By his own admission, Andrew Baisley describes the Camden school where he works as among the better funded in the country. Yet he recalls seeing how, “Over four years, bits of our service offering have been closed down. I was aware that the National Funding Formula [NFF] was coming, and that it was going to make our situation even more difficult, on top of what was effectively a real terms per-pupil spending freeze.”
In his capacity as a member of the NUT’s campaigns team, Baisley set about organising a form of protest against government decisions on funding for London schools – but he soon realised the scale of the issue at hand required a different response. “I thought we really needed a national campaign. I’d had this idea of making a map showing every school in the country, illustrating how even when schools were having to make smaller cuts, they were being very badly funded to start with.”

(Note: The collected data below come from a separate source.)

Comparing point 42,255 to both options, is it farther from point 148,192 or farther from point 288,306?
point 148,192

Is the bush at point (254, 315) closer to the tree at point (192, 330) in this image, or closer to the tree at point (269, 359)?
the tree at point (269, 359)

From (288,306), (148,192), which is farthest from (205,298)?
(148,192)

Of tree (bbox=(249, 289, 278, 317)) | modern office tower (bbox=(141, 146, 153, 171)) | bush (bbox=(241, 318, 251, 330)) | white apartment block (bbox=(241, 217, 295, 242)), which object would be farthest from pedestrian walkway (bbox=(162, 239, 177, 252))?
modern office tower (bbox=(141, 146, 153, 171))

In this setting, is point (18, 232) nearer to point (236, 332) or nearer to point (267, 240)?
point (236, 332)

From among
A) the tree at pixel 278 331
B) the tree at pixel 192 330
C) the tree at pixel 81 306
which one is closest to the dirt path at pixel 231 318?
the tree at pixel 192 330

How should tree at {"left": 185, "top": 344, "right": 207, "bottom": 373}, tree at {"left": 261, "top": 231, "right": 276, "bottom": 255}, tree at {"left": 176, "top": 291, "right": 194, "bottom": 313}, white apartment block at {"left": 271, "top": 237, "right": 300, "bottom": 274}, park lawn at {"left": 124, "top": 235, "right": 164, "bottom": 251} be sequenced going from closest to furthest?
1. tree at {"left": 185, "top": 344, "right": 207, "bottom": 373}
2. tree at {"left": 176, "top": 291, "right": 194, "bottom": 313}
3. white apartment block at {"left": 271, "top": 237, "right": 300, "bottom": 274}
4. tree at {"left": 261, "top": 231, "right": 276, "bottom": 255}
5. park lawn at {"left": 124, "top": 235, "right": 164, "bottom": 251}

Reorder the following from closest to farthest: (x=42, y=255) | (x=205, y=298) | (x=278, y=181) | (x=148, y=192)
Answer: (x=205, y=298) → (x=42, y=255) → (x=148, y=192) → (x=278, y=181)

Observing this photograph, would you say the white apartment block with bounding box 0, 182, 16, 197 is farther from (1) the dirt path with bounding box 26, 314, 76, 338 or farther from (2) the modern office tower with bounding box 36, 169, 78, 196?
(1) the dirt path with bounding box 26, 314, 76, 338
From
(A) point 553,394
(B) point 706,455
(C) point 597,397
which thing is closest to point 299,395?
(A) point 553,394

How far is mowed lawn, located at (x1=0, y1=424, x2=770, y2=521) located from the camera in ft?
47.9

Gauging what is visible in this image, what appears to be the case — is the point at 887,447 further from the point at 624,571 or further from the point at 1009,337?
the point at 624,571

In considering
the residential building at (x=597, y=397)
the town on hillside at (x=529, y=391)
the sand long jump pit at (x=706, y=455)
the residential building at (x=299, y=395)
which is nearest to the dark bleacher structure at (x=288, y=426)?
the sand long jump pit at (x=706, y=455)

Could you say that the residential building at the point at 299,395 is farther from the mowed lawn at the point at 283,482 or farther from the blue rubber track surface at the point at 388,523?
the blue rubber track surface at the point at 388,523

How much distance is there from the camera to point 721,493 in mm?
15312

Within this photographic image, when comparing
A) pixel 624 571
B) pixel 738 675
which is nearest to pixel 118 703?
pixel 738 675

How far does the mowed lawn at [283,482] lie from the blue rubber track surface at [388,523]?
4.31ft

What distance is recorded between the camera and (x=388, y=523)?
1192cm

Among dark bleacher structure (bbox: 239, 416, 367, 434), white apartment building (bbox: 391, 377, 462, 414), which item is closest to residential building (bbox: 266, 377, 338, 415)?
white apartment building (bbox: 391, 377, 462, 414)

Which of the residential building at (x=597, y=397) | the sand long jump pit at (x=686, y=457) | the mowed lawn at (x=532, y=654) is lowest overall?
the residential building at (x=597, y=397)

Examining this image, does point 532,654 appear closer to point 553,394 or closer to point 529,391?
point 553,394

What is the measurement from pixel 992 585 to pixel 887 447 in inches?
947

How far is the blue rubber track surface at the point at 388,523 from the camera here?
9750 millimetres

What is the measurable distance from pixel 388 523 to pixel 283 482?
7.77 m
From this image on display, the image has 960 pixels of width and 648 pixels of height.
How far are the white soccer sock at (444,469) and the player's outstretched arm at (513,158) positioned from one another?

Working in conjunction with several other unions, Baisley’s idea emerged in October 2016 as the School Cuts website, which allows visitors to enter their postcode and instantly see whether any of their local schools will have had their budgets reduced by 2019, and if so, how many teachers they will need to have shed as a result.
“We initially sought to show the potential impact of the proposed NFF in conjunction with the flat funding over the course of the last Parliament,” Baisley explains. “We used National Audit Office calculations to work out school costs, such as rising National Insurance contributions, the Teachers’ Pensions scheme and the Apprenticeship Levy, and continued to develop it as more proposals were brought forward by the government.”

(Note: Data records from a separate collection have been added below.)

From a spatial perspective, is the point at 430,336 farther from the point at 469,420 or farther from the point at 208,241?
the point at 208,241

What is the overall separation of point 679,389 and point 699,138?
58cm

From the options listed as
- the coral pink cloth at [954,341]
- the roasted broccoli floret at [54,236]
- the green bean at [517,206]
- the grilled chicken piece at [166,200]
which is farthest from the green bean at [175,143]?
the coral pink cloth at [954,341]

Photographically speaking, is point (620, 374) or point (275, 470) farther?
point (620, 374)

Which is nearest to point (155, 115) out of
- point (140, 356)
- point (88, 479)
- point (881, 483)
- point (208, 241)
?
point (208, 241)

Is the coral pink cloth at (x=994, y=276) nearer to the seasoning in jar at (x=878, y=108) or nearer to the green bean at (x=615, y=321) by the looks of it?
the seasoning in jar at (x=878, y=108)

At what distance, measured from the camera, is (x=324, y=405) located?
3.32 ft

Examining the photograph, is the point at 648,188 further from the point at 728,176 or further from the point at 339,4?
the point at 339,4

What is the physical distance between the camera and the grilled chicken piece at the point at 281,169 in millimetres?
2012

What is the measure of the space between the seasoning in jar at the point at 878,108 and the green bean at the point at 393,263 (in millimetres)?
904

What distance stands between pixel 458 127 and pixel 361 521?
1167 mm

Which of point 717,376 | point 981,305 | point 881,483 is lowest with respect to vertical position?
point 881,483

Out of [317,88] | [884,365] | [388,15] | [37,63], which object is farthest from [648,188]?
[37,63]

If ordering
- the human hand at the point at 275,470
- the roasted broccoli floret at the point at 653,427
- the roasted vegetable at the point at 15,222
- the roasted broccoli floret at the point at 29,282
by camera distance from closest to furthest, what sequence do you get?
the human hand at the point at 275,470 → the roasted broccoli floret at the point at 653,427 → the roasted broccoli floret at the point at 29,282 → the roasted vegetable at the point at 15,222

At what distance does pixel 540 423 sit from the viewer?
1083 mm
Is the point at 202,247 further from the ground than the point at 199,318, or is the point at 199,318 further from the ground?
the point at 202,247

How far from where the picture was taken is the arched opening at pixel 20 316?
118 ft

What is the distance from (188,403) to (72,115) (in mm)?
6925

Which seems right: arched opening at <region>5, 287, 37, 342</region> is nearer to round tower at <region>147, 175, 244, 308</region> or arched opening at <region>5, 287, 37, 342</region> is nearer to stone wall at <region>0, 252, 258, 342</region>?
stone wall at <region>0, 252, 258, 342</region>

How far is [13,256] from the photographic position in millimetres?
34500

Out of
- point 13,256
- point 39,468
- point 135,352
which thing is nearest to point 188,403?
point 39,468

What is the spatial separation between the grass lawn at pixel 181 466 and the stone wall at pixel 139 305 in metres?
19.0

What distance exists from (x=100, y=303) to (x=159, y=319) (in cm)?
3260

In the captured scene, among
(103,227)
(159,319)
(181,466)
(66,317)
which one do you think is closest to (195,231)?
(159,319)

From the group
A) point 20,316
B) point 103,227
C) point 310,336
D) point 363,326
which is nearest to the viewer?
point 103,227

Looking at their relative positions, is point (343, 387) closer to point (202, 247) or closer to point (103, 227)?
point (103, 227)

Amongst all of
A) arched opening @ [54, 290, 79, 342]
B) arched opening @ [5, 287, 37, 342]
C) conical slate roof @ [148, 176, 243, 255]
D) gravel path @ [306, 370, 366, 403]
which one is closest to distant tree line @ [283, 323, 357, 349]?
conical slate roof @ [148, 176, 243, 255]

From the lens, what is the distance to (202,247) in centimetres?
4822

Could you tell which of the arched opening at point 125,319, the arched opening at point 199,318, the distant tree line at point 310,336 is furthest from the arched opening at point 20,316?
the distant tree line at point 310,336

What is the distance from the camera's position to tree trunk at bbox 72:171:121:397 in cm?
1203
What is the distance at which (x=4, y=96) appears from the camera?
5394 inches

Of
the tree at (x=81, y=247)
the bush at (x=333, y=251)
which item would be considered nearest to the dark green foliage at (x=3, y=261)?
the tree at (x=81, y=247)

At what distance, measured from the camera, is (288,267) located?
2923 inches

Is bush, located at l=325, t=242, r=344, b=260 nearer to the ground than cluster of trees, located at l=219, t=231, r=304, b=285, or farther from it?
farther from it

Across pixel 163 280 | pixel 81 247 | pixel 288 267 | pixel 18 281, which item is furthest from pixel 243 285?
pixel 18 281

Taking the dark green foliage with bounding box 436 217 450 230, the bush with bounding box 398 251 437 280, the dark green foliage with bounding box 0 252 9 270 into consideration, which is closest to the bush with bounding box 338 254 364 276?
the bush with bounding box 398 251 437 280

The campaign began to attract some notice, but Theresa May’s announcement of a snap election the following April subsequently boosted the site’s visibility dramatically. As well as updating the site’s costings to reflect the different parties’ manifesto commitments, Baisley and his colleagues worked to secure pledges from election candidates to oppose further school cuts. Many did, and even when a pledge wasn’t forthcoming, in some cases the campaign still seemed to have an impact.
“One candidate managed to lose the email and hadn’t signed up,” says Baisley. “They later got back to us, really urgently, having met people asking them why they hadn’t signed it. I remember thinking that if there was this much anger about the issue, it could change people’s minds when it comes to voting.”
Baisley puts the website’s success down to one thing in particular. “There’s one set of figures that almost everyone has referred to, which has helped the message about the level of cuts get through. With campaigns like this, people will often rely on different datasets, which makes it seem as though people are arguing over what the situation actually is. I know that headteachers are at their wits’ end dealing with cuts. They can now see that there’s this big, ongoing campaign, which has emboldened them to speak out.”
Has anyone quibbled with the campaign’s figures? “Some MPs told us our data was out of date, but they often tended to rely on out of date press releases themselves, to be honest.” Baisley replies. “We wanted to show that these cuts are general, almost universal. We’ve had people ask whether they can check through our numbers and data sources, which we’re happy for them to do. We’ve tried to be as open as possible.”